Record excerpts:
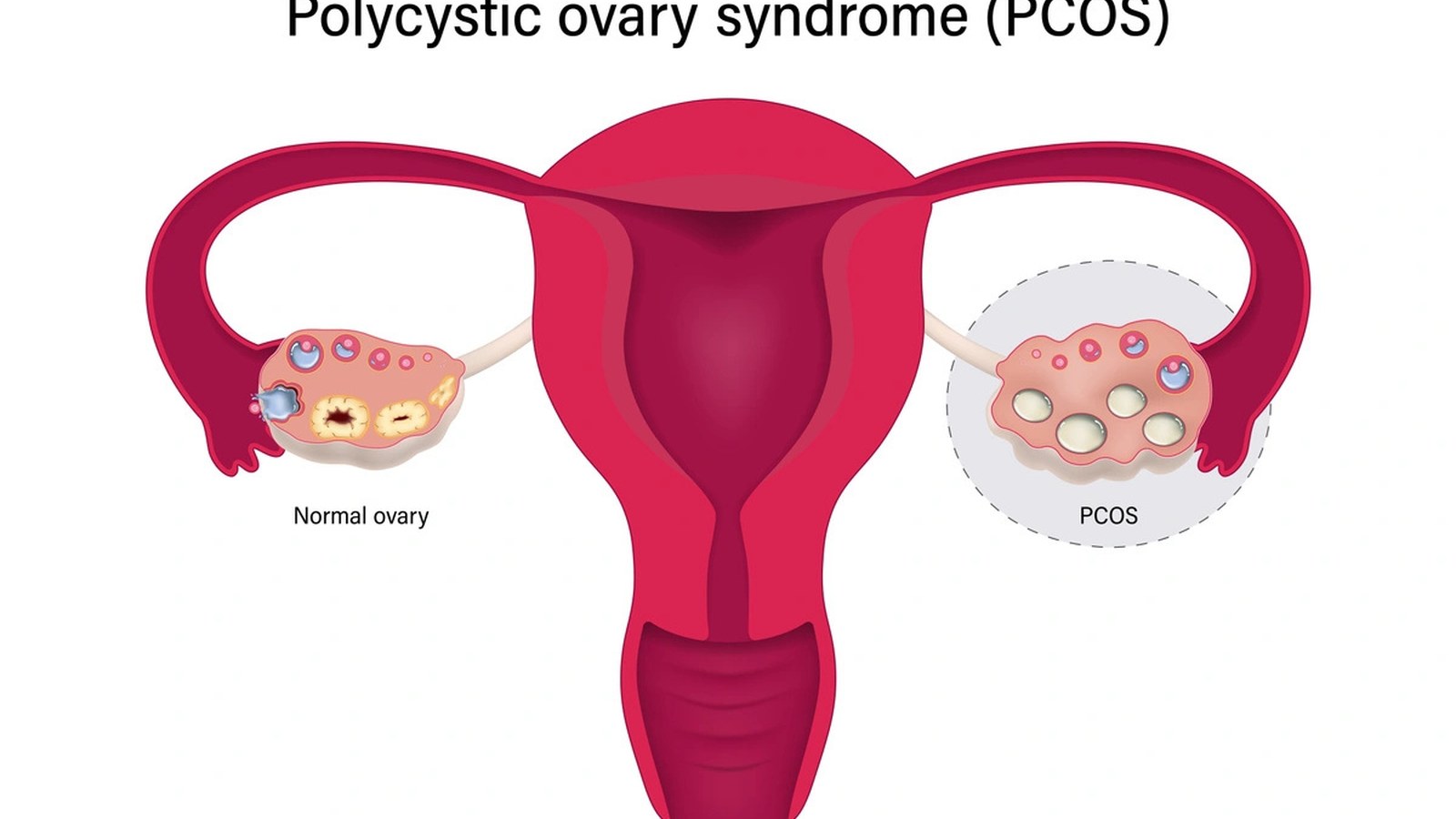 PCOS Fertility Care image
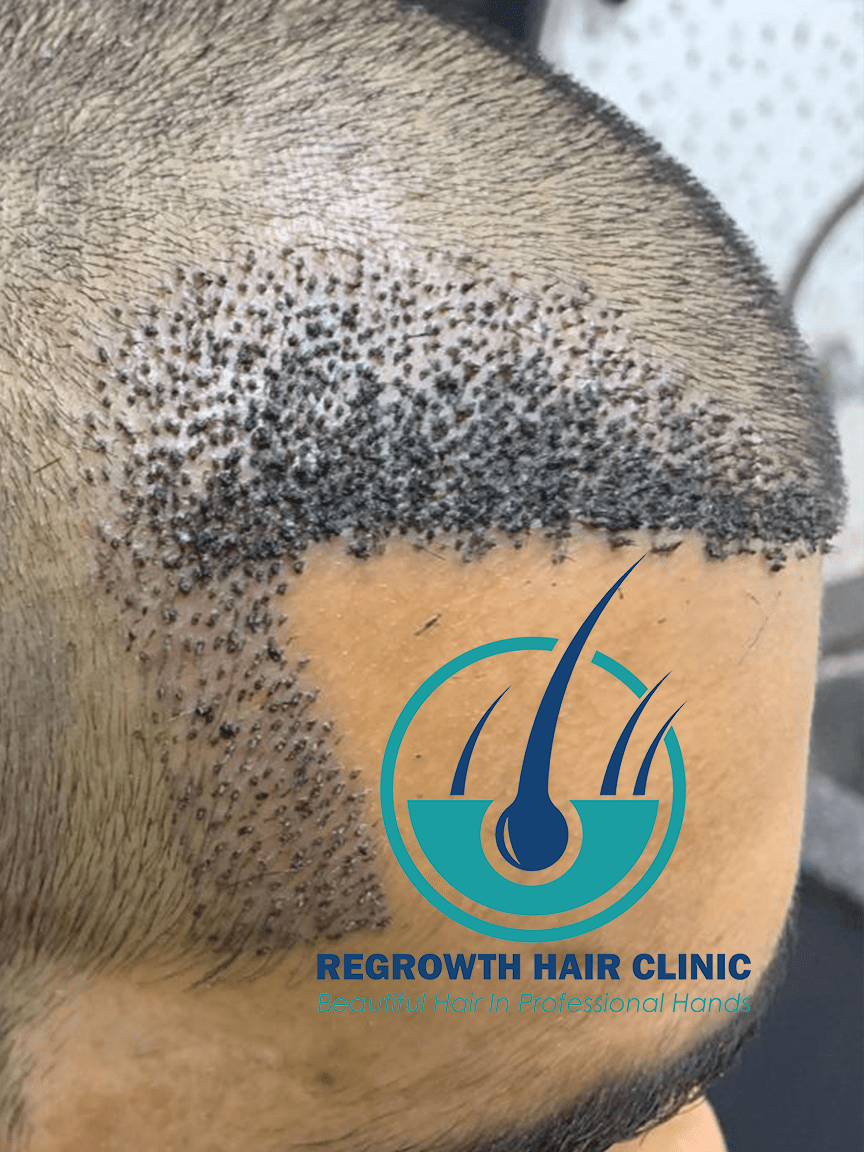 Regrowth Hair Clinic In Raipur 9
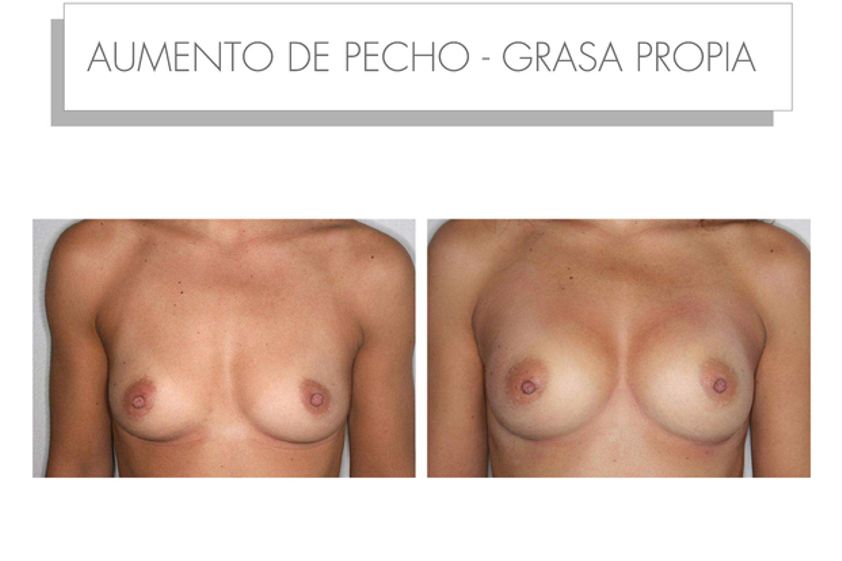 Lipofilling antes y después - 565203
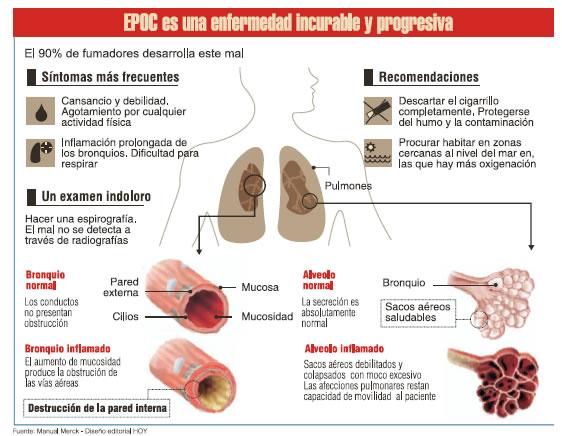 EPOC y telemedicina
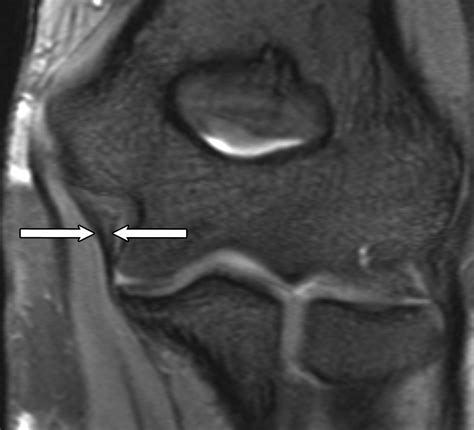 Ligaments and Plicae of the Elbow: Normal MR Imaging Variability in 60 ...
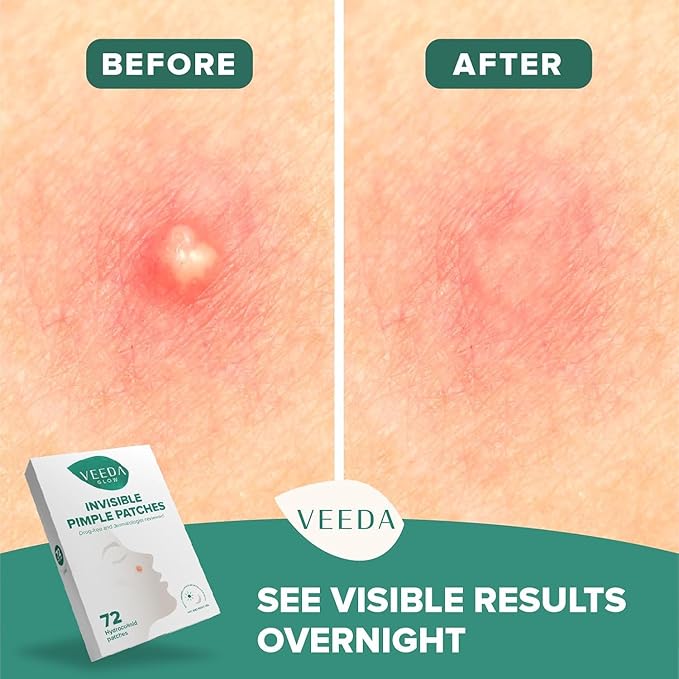 Veeda Glow Pimple Patches – Hydrocolloid Acne Stickers for Fast Healing, Invisible & Non-Irritating Zit Covers, Blemish Spot Treatment, 72 Count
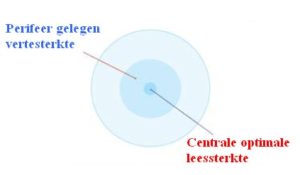 Schematische opbouw multifocale hybridelens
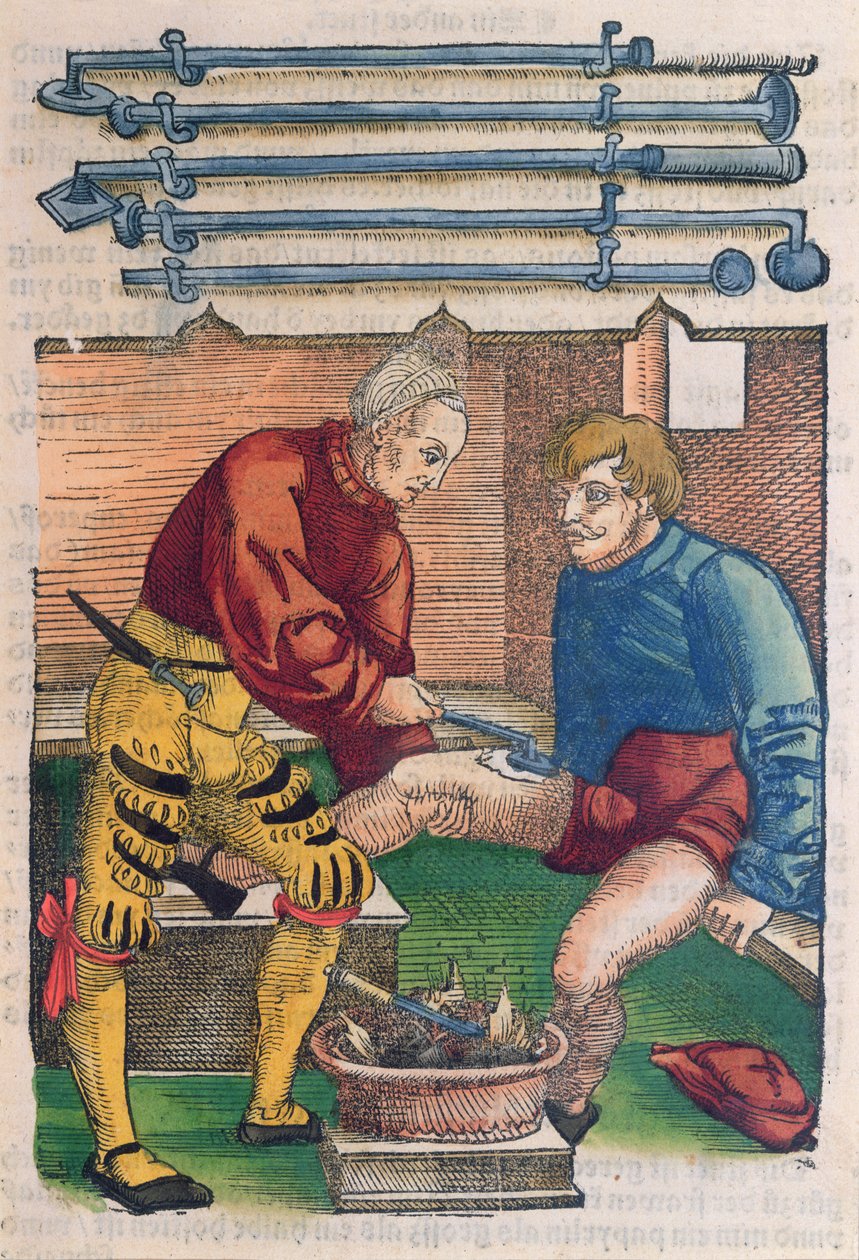 Cautérisation, illustration du 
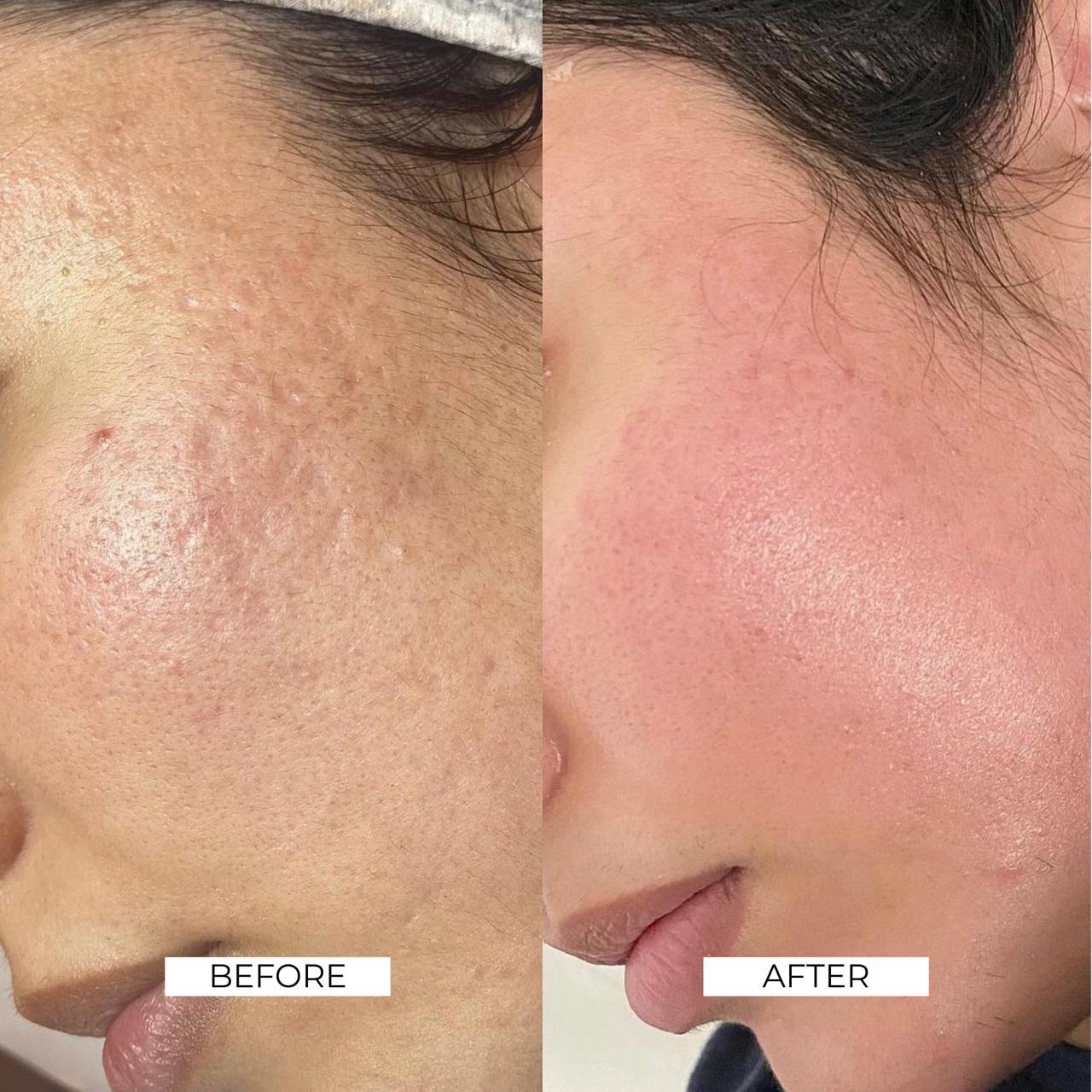 Aesthetics Before and After 3
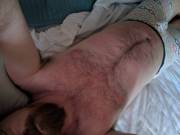 Happy National White People Are Sunburned Day!!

Brief: Pictures are to be left out; set down everything else in the records exactly.

Exercise result:
 PCOS Fertility Care image
 Regrowth Hair Clinic In Raipur 9
 Lipofilling antes y después - 565203
 EPOC y telemedicina
 Ligaments and Plicae of the Elbow: Normal MR Imaging Variability in 60 ...
 Veeda Glow Pimple Patches – Hydrocolloid Acne Stickers for Fast Healing, Invisible & Non-Irritating Zit Covers, Blemish Spot Treatment, 72 Count
 Schematische opbouw multifocale hybridelens
 Cautérisation, illustration du 
 Aesthetics Before and After 3
 Happy National White People Are Sunburned Day!!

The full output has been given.